Воспоминание от строк его стихов в блуждающих воспоминаниях возвращается к каким-то мгновениям многих состоявшихся и несостоявшихся встреч. Вижу его на одних и тех же улицах Москвы, в переулках улицы Горького, где мы бродили. Дружеские встречи и совпадения взглядов, взоров, образов – помню весной 84-го, когда он заканчивал большую поэму и я тоже, там у него в Ясеневе мы читали друг другу еще не завершенные строки, узнавая знакомые движения и формы другого у себя. Встречи, которые могли и не произойти: на Курском вокзале я вскочил в уже отошедший поезд, и на утро в Полтаве, встречая меня, Алеша с Ильей Кутиком говорили, что им точно казалось – я не приеду. Или когда я ехал из Геттингена в Кельн, и поезд загорелся вблизи Ганновера, поезд дошел все же, пусть и с большим опозданием. И Алеша встретил меня, хотя уже предполагал разное. Он дарил людей людям, образы – образам, открываясь новому и иному. Дарил другим любимых своих поэтов (я старался быть взаимным), он говорил мне об Уоллесе Стивенсе, я ему – о Сеферисе и других великих новогреках.
В Рефрате – предместье Кельна, читал он Леонардо, учась и пытаясь развить ту степень зрения, которая была свойством его поэзии. Вэтом некоторые видели недостаток лиризма, не понимая, что ему был присущ так редко встречающийся многомерный эпизм, это и позволяло ему создавать большие стихотворения и поэмы – большие формы не так уж часто давались современной поэзии. В противовес суждению Ахматовой он мог бы сказать, что ему «к чему» одические, эпические рати. В буквальном смысле, потому что самая большая его поэма посвящена битве, таинственной битве людей. В этой поэме «Я жил на поле Полтавской битвы» есть возвышение взора, как в любимой им космической картине Альтдорфера «Битва Александра с Дарием». Но основное здесь все же – изумление (взор поражен – «поражение взгляда») перед продолжением первородного греха – созданием оружия, ножа, когда брат нападает на брата. Это видит ягненок (агнец?), которого преследуют: «Открылся чудный разворот / Земных осей, я заскользил / Вдоль смерти, словно вдоль перил / В зоосаду вокруг оград, Где спал сверхслива-бегемот / И сливу ел под смех солдат.» За убийством Каином Авеля – падение, дальнейшее падение в битву на земле, но как говорит он в этой поэме: «Не с людьми сражаетесь, а со смертью». Такая битва – всеобщая – людей – вряд ли будет понята скоро, пока разделение человеческое все еще велико.

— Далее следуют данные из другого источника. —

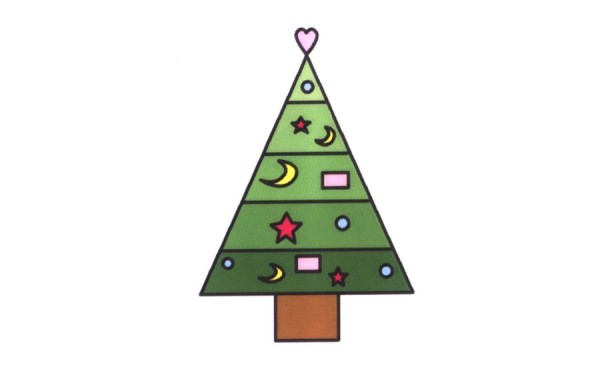 Cartoon triangle Christmas tree simple drawing method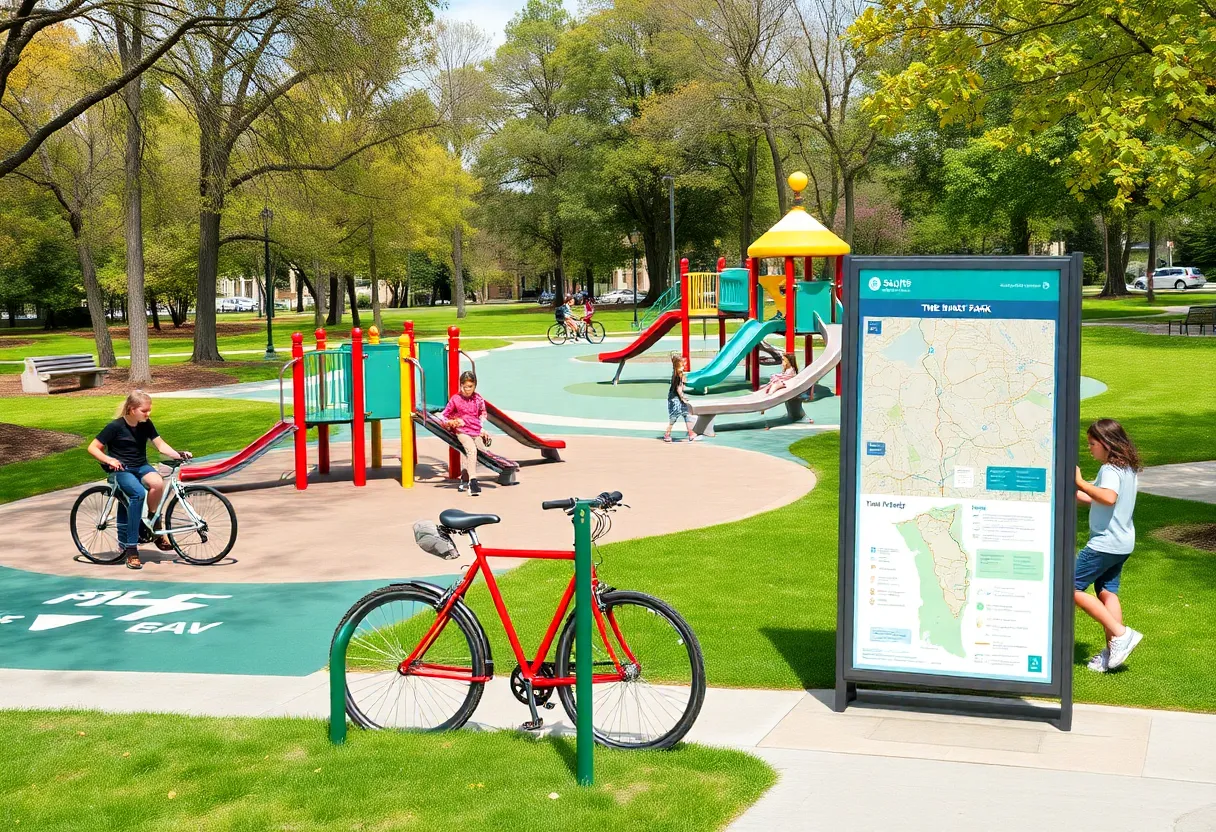 Modern playground and park facilities at Rondo Street Station Park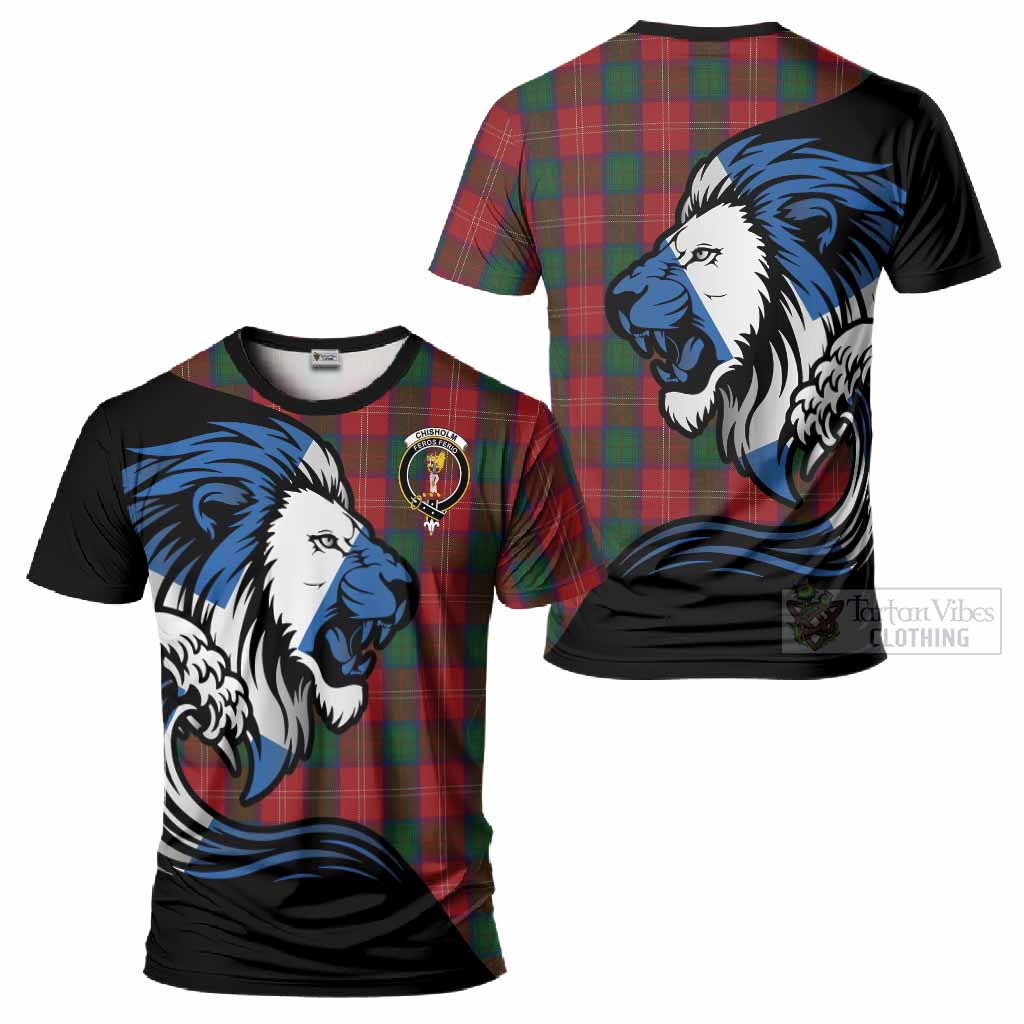 Chisholm Tartan Crest T-Shirt Scottish Golden Lions Wave Flow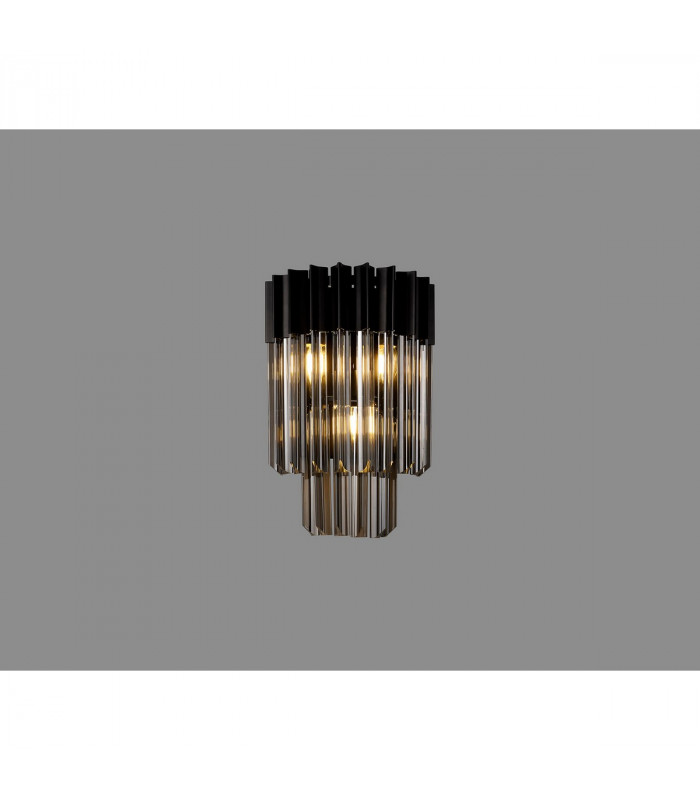 Poland Wall Lamp 3 Light E14 Matt Black Smoke Sculpted Glass-8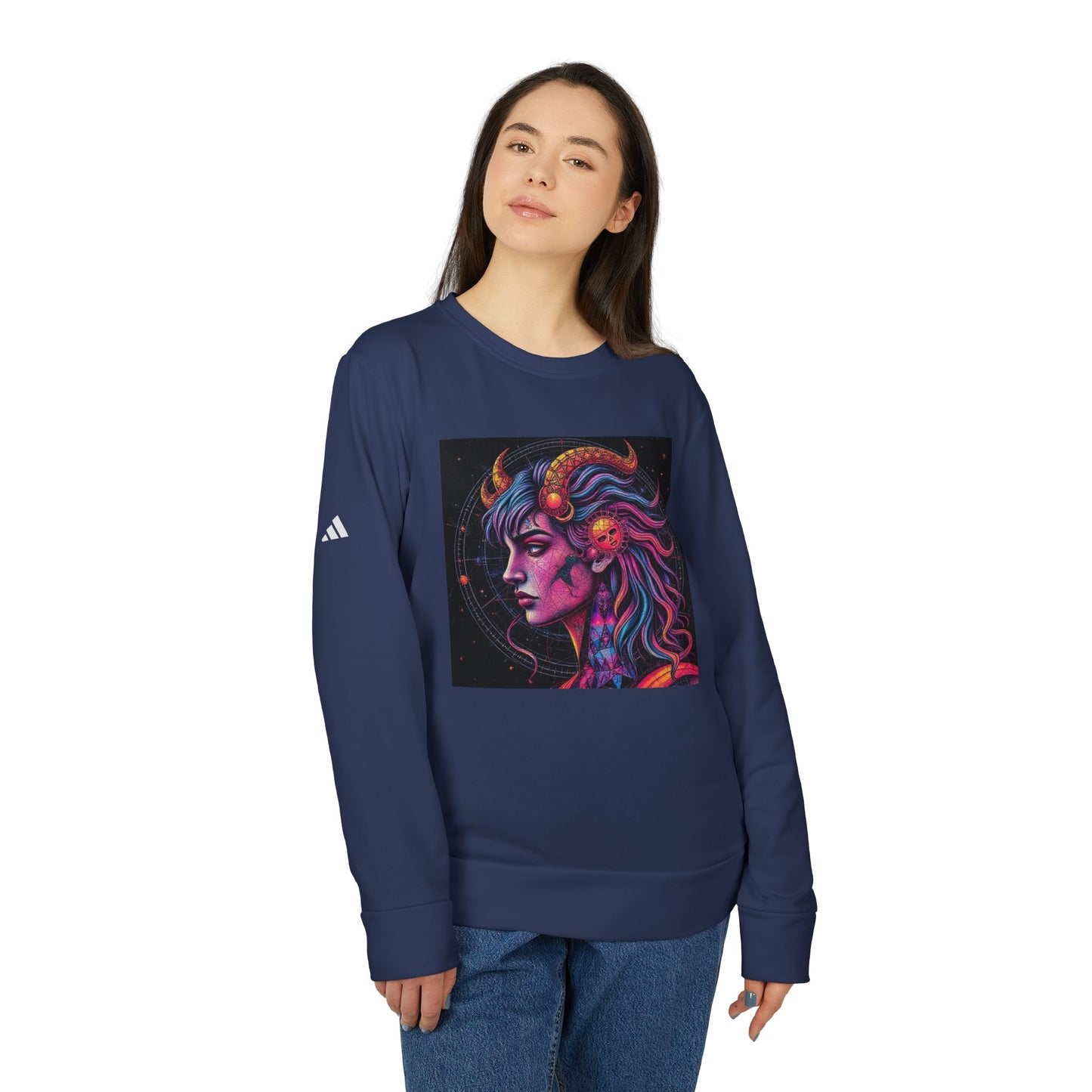 Adidas, Unisex Fleece Crewneck Sweatshirt, Virgo, Pop Art, Zodiac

Хотя в этой поэме при всей отрешенности взгляда – взгляда буквально над схваткой – были и лирические «отступления» («наступления»?):
Да, ему было присущи или разнообразные эксперименты или даже игры со зрением (об этом будет идти речь дальше). Но было и сострадание – не сантименты – как, например, в стихотворении «В домах для престарелых…» и глубокая драматургия образов, нагнетание исподволь новых смыслов в непонятной до конца тревоге, разрешающейся просветлением, как, допустим, в стихотворении «Стеклянные башни»).
Все же важнейшее: за внешне-бесстрастным описанием («нулевая степень морали» – заглавие одного из его эссе, давшее название и целому циклу) – прославление мира, апология бытия, лейбницева Теодицея. Стремление уравнять всех в правах – увиденное – прославление зрения, мира, понятого как свет. Где лирический червь с его субъективизмом подтачивает всеобщую гармонию. Хотя именно он способен придать ей ту несомненную неравновесность и динамику, которая непрерывно пробуждает от некоего малороссийского эпического сна реальность. Парщиков писал о том, что, приехав в Миргород, он заснул «без всяких причин» на два часа под грушей. Именно ото сна пробуждает поэт завороженный «украинный» мир, но все же не сказать об этом чудном гоголевском сне с открытыми очами не может. Парщиков вспоминал со смехом, что после многочасового разговора с Юрием Манном (известным гоголеведом) они заключили, что Гоголь – это одна сплошная ведьма. Наваждение, совращение мира – это тоже способ – рискованный способ – снять с мира ту пленку, пелену единственности и завершенности этого «лучшего из миров». Не вольтерьянство в выставлении милого и придурковатого Кандида в противовес безусловной лейбницевости, но склонность к гоголевщине (дополненного Феллини) с его провокативностью – отсюда «Две гримерши» и др. При способности все же прийти к покаянию.